LISTED RECORDS:
────────────────────

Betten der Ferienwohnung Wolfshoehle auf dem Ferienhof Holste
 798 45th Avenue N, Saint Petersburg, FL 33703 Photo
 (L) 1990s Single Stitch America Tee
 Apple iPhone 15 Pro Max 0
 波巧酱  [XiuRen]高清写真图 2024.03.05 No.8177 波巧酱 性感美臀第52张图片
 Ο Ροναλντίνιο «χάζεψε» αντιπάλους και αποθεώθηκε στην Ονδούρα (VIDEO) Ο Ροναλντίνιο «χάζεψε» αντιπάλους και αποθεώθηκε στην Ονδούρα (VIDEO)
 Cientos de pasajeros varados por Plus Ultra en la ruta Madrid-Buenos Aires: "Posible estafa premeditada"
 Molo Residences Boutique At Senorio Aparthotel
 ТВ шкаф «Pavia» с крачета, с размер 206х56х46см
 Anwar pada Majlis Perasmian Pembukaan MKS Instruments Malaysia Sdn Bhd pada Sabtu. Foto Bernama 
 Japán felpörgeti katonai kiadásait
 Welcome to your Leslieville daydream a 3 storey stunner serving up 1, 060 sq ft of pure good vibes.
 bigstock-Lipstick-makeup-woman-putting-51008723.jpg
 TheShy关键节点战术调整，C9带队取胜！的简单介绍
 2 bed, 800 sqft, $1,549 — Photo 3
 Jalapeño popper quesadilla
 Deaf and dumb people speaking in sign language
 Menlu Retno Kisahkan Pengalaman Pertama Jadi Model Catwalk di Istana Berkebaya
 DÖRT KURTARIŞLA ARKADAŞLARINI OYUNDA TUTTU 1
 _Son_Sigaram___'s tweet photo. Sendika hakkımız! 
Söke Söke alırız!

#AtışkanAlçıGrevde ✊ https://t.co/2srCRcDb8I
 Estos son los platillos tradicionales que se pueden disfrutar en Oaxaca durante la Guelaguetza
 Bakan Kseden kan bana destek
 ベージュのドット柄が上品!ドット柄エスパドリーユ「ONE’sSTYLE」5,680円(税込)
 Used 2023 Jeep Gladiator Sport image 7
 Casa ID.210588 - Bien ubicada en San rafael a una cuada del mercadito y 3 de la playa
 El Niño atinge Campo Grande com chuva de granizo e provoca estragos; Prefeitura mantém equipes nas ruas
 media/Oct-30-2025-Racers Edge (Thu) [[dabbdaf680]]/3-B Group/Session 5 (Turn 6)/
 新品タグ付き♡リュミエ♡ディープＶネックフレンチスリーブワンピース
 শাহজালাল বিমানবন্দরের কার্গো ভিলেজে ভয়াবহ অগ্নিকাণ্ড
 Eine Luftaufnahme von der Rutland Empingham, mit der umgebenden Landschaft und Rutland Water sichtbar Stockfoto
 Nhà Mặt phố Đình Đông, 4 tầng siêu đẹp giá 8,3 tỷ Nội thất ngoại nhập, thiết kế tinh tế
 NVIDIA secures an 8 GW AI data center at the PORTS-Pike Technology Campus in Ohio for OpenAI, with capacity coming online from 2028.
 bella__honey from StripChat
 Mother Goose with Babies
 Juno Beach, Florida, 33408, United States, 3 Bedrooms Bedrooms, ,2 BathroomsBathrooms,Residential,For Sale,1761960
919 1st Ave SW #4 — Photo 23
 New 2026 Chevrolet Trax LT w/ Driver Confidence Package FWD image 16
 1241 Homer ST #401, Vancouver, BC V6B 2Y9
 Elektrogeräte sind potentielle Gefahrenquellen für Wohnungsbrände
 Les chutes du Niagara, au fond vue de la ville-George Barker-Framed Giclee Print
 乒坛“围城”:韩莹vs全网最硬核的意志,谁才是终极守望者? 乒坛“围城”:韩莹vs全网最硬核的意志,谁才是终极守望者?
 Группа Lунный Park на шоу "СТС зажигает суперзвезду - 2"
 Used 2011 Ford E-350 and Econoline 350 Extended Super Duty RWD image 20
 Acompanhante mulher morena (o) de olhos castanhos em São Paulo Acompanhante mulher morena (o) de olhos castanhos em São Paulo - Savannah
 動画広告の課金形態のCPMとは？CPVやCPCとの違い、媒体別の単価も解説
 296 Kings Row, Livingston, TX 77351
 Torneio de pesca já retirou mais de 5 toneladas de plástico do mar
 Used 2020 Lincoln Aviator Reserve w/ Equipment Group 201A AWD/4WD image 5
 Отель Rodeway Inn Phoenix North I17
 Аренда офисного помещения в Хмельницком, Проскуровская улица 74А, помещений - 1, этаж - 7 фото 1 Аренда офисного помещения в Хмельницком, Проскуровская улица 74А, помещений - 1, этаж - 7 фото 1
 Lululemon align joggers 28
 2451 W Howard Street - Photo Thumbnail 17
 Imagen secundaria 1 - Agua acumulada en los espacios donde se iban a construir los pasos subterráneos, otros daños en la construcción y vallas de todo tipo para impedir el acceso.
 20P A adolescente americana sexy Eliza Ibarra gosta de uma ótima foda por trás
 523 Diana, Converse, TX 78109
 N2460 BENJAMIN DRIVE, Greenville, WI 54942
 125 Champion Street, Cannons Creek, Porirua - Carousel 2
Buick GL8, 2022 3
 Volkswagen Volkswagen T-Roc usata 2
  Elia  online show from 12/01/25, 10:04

────────────────────

TASK TO CARRY OUT: Stop after the line containing "Söke Söke alırız!": print exactly the lines from the start of the entries above up to it, that line included.

PROBLEM SOLUTION:
Betten der Ferienwohnung Wolfshoehle auf dem Ferienhof Holste
 798 45th Avenue N, Saint Petersburg, FL 33703 Photo
 (L) 1990s Single Stitch America Tee
 Apple iPhone 15 Pro Max 0
 波巧酱  [XiuRen]高清写真图 2024.03.05 No.8177 波巧酱 性感美臀第52张图片
 Ο Ροναλντίνιο «χάζεψε» αντιπάλους και αποθεώθηκε στην Ονδούρα (VIDEO) Ο Ροναλντίνιο «χάζεψε» αντιπάλους και αποθεώθηκε στην Ονδούρα (VIDEO)
 Cientos de pasajeros varados por Plus Ultra en la ruta Madrid-Buenos Aires: "Posible estafa premeditada"
 Molo Residences Boutique At Senorio Aparthotel
 ТВ шкаф «Pavia» с крачета, с размер 206х56х46см
 Anwar pada Majlis Perasmian Pembukaan MKS Instruments Malaysia Sdn Bhd pada Sabtu. Foto Bernama 
 Japán felpörgeti katonai kiadásait
 Welcome to your Leslieville daydream a 3 storey stunner serving up 1, 060 sq ft of pure good vibes.
 bigstock-Lipstick-makeup-woman-putting-51008723.jpg
 TheShy关键节点战术调整，C9带队取胜！的简单介绍
 2 bed, 800 sqft, $1,549 — Photo 3
 Jalapeño popper quesadilla
 Deaf and dumb people speaking in sign language
 Menlu Retno Kisahkan Pengalaman Pertama Jadi Model Catwalk di Istana Berkebaya
 DÖRT KURTARIŞLA ARKADAŞLARINI OYUNDA TUTTU 1
 _Son_Sigaram___'s tweet photo. Sendika hakkımız! 
Söke Söke alırız!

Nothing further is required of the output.